→ **AIM OF THE TASK**: From the entries, copy each line that includes "says".

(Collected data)
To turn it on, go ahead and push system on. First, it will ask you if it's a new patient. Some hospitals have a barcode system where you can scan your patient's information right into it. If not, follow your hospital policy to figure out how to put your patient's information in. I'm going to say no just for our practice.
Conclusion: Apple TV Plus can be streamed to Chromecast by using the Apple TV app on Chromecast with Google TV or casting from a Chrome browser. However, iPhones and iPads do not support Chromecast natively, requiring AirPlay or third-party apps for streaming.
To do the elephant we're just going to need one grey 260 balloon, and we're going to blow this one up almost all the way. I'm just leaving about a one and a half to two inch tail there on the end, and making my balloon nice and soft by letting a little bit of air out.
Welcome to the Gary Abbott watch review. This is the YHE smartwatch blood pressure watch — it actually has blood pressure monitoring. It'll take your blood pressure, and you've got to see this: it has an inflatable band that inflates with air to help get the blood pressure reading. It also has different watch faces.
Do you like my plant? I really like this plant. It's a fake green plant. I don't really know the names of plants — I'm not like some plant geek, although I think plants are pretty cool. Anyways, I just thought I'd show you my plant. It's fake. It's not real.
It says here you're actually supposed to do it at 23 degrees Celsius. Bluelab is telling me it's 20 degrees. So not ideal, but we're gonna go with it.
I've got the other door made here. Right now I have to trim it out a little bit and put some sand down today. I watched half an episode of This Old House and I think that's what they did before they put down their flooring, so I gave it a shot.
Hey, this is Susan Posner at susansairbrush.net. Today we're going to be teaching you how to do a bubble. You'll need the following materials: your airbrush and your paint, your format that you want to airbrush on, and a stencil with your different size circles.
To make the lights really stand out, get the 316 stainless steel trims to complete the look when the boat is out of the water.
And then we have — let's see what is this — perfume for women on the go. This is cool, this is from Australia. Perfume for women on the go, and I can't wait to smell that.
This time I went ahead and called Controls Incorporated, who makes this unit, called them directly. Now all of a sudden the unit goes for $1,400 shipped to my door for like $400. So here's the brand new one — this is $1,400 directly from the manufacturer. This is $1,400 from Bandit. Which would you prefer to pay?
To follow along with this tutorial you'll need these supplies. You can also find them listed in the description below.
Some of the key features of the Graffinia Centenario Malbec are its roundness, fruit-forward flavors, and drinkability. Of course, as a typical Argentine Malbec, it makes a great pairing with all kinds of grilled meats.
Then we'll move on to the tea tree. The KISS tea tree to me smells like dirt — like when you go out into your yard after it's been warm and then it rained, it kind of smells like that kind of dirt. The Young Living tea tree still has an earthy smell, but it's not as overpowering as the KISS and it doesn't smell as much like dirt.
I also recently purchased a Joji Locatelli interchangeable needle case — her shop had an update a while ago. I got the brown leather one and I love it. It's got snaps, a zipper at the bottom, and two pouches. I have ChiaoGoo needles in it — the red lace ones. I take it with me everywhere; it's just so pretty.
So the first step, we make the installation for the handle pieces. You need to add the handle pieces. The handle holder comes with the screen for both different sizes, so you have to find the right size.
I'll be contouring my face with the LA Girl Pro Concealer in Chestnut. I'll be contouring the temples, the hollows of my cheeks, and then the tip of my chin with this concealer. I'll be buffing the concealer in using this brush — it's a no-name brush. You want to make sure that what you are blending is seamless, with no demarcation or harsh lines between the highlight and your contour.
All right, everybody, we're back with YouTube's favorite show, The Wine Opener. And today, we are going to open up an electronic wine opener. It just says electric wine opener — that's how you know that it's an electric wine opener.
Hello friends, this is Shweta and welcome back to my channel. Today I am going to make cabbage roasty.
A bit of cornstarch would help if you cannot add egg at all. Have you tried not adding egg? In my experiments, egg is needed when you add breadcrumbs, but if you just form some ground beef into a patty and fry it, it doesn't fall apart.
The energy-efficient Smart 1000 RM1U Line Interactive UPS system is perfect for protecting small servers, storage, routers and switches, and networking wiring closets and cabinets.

→ **ANSWER**:
It says here you're actually supposed to do it at 23 degrees Celsius. Bluelab is telling me it's 20 degrees. So not ideal, but we're gonna go with it.
All right, everybody, we're back with YouTube's favorite show, The Wine Opener. And today, we are going to open up an electronic wine opener. It just says electric wine opener — that's how you know that it's an electric wine opener.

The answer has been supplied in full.